I called again, he put the phone down. On the third time I said, “Son, it’s mom, it’s mom!”. Then my son said only one word, “Mom?” and then he cried. The room was very silent and everyone heard my son cry. And then I also cried, and then my son, just put the phone down. 

The North Korean broker then thanked her for saving his life for speaking Chinese to the taxi driver by not selling her and letting her find her son.

They then went to Beijing but their journey failed as they could not get into the South Korean embassy as the Chinese police were checking passports outside.

They met nine North Korean defectors in front of the embassy who had also failed to get into South Korea. Instead, they were told to go to Mongolia to find another South Korean embassy.

Ms Park continued: ‘In China, they made a really strong fence in between China and the Mongolian border. So it’s two metres high and really strong. So we cut off that fence and you know everyone just ran out. 

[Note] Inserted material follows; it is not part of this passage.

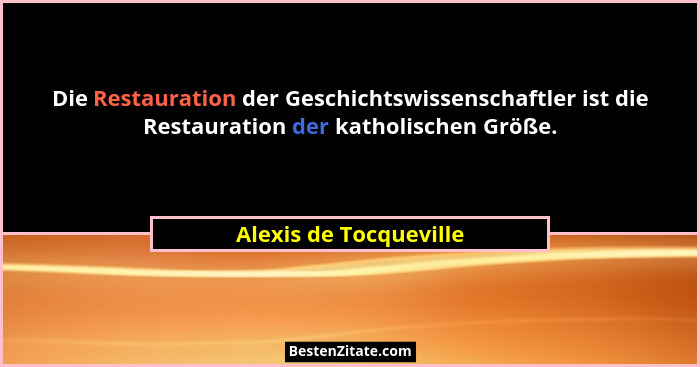 Die Restauration der Geschichtswissenschaftler ist die Restauration der katholischen Größe.... - Alexis de Tocqueville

‘But me and my son continued to walk because my leg had problems and my son did not understand why we had to cross this border. But as we walked, a few minutes later, I saw someone come towards us. So I was really shocked. I thought that it was Chinese police. 

‘But one man came to us and he carried my son and held my hand. Then we just run, run, run. And after that we crossed the second Chinese fence and then run again. And after that, we arrived in Mongolia. 

‘The Mongolian fence was only about 50 centimetres. So we just jumped After arriving in Mongolia, I saw this man. So this man was also North Korean. We met in China. He saved me and my son’s life. 

‘So, you know, for the first time, I fell in love. This man is now is my husband. We lived together in the UK. We have now two more children, so three children here.’

They stayed in the Mongolian desert for three days but could not find anyone there. They then crossed the border again from Mongolia to China and stayed in Beijing for two years.

It was here that they met an American Korean pastor who helped them go to the United Nations and reach the UK.